TASK BRIEF » Copy the lines below that contain "Design".

[Start of section]

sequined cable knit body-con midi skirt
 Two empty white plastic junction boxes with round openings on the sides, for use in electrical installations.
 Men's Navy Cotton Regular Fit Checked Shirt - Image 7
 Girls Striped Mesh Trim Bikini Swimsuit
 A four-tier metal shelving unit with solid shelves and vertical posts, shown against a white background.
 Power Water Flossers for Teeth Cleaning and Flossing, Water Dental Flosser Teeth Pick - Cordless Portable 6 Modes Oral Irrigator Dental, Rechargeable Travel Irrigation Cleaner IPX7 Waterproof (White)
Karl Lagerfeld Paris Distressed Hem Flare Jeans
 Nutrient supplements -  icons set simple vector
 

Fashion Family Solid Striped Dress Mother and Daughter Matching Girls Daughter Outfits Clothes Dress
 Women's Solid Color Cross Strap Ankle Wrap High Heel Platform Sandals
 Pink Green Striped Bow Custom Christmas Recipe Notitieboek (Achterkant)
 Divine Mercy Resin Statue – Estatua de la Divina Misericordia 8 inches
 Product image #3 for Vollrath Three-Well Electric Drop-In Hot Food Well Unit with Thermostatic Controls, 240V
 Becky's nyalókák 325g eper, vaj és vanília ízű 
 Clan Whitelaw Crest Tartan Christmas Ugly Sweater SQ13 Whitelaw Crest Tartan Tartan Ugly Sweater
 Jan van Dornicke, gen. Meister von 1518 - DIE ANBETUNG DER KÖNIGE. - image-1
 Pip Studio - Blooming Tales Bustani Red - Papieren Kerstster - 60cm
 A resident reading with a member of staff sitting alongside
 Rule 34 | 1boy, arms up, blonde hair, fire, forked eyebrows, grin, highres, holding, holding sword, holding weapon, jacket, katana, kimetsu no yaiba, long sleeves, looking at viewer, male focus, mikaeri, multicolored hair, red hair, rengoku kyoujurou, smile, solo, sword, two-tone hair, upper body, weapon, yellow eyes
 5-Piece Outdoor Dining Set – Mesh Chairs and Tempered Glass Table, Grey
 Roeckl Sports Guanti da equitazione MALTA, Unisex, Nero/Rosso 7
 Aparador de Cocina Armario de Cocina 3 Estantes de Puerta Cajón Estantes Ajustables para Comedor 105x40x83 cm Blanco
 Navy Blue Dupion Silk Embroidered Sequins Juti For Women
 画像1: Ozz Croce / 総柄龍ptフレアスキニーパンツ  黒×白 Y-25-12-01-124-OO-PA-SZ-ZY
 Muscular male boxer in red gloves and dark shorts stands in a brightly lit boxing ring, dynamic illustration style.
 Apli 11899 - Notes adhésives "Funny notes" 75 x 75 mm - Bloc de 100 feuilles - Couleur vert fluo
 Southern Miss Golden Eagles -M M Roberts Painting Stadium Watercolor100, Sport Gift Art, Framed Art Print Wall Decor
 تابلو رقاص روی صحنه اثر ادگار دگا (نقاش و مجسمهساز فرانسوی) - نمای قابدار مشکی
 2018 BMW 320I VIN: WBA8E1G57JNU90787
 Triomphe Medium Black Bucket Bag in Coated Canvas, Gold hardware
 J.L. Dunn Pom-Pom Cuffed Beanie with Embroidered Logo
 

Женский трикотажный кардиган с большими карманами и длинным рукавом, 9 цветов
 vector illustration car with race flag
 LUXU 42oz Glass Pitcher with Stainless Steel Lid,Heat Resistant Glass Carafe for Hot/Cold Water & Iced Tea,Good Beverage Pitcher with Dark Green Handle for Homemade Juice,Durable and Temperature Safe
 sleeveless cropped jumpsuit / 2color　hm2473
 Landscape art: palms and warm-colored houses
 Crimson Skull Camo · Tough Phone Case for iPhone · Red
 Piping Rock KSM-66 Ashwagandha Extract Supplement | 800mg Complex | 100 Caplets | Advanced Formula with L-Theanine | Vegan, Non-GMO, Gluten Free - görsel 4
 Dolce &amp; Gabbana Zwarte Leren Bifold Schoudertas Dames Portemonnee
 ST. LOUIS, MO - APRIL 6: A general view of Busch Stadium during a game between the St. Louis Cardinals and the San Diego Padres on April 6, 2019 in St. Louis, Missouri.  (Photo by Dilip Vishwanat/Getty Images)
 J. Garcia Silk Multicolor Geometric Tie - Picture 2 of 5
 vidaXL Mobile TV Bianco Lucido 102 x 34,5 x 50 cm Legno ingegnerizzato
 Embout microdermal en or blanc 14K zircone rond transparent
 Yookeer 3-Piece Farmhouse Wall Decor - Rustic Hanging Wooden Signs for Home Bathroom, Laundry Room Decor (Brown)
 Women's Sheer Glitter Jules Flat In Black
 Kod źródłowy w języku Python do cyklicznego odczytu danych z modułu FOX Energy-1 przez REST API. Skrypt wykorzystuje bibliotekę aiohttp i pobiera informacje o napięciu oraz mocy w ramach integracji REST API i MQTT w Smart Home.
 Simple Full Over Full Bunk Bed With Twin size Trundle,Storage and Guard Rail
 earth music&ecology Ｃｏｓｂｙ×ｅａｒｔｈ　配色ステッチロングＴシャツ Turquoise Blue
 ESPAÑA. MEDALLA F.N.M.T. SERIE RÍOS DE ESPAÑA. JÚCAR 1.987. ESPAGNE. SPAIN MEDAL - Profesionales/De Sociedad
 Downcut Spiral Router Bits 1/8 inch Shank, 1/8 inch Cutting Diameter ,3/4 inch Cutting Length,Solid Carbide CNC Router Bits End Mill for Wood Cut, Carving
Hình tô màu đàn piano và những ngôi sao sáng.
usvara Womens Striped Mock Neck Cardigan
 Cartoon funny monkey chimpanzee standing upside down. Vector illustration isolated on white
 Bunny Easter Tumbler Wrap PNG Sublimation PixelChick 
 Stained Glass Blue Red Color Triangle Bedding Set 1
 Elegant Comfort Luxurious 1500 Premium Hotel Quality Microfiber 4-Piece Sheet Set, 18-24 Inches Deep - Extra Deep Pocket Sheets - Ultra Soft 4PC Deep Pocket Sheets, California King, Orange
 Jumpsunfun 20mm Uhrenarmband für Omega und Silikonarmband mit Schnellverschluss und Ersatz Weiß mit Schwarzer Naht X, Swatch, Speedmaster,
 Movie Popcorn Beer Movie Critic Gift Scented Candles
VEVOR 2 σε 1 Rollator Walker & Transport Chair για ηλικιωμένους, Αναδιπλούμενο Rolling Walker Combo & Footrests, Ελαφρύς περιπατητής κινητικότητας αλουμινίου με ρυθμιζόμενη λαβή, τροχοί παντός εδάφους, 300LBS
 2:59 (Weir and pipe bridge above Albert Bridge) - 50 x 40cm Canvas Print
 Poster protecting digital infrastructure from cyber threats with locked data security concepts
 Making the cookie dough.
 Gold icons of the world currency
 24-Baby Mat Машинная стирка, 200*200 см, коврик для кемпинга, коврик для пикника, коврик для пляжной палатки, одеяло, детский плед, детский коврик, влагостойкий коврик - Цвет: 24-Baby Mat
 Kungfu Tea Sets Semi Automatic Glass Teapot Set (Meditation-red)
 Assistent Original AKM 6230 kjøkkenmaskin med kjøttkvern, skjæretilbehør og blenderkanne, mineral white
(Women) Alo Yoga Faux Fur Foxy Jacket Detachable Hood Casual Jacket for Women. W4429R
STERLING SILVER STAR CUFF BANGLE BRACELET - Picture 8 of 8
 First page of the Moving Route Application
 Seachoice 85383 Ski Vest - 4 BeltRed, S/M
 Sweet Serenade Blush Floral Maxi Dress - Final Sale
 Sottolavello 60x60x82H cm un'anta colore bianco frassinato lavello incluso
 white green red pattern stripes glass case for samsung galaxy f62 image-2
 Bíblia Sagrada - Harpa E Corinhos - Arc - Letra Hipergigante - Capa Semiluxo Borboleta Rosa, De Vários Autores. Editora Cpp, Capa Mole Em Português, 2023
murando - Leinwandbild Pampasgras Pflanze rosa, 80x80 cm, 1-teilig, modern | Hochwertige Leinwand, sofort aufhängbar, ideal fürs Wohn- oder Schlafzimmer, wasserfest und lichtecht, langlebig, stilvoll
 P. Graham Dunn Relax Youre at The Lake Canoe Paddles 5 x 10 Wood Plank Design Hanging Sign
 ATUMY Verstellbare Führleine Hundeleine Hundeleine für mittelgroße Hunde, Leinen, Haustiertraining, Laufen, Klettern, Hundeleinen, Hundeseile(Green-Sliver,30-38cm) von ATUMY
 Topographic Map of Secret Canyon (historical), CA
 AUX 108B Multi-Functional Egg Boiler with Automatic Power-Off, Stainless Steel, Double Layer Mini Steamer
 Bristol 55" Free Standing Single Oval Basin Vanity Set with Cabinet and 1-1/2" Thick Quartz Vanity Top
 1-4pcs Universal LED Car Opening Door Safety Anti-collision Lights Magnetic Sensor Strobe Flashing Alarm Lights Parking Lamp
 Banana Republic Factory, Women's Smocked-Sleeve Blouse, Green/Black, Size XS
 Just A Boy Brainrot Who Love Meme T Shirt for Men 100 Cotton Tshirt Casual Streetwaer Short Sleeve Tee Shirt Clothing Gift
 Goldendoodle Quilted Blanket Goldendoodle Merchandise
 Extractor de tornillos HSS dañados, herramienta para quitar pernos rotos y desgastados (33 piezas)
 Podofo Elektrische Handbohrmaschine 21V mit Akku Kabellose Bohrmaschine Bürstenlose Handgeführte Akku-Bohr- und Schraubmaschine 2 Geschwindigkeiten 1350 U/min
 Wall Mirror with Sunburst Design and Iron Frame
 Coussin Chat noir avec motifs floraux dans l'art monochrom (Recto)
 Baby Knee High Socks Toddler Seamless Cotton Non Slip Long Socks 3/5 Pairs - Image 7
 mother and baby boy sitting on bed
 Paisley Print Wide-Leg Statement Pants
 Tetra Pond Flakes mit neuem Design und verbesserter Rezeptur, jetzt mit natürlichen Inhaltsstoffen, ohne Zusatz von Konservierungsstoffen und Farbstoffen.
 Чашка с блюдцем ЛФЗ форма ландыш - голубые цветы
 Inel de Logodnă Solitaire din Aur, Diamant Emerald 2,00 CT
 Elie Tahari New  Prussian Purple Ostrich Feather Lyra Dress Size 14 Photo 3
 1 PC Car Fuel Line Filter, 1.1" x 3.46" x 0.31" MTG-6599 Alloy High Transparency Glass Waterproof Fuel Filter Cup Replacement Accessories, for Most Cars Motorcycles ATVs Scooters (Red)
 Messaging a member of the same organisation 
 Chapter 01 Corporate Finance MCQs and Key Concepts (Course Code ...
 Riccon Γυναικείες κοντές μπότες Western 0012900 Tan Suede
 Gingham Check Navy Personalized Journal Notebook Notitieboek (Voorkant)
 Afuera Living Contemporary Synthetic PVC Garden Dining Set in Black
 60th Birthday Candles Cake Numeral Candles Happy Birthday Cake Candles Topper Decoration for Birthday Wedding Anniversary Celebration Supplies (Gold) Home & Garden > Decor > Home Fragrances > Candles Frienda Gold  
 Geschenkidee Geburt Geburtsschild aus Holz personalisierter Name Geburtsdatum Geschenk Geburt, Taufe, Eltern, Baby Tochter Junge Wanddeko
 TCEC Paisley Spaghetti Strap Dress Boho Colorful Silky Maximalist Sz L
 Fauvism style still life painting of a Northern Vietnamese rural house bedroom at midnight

[End of section]

YOUR SOLUTION »
 P. Graham Dunn Relax Youre at The Lake Canoe Paddles 5 x 10 Wood Plank Design Hanging Sign
 Wall Mirror with Sunburst Design and Iron Frame
 Tetra Pond Flakes mit neuem Design und verbesserter Rezeptur, jetzt mit natürlichen Inhaltsstoffen, ohne Zusatz von Konservierungsstoffen und Farbstoffen.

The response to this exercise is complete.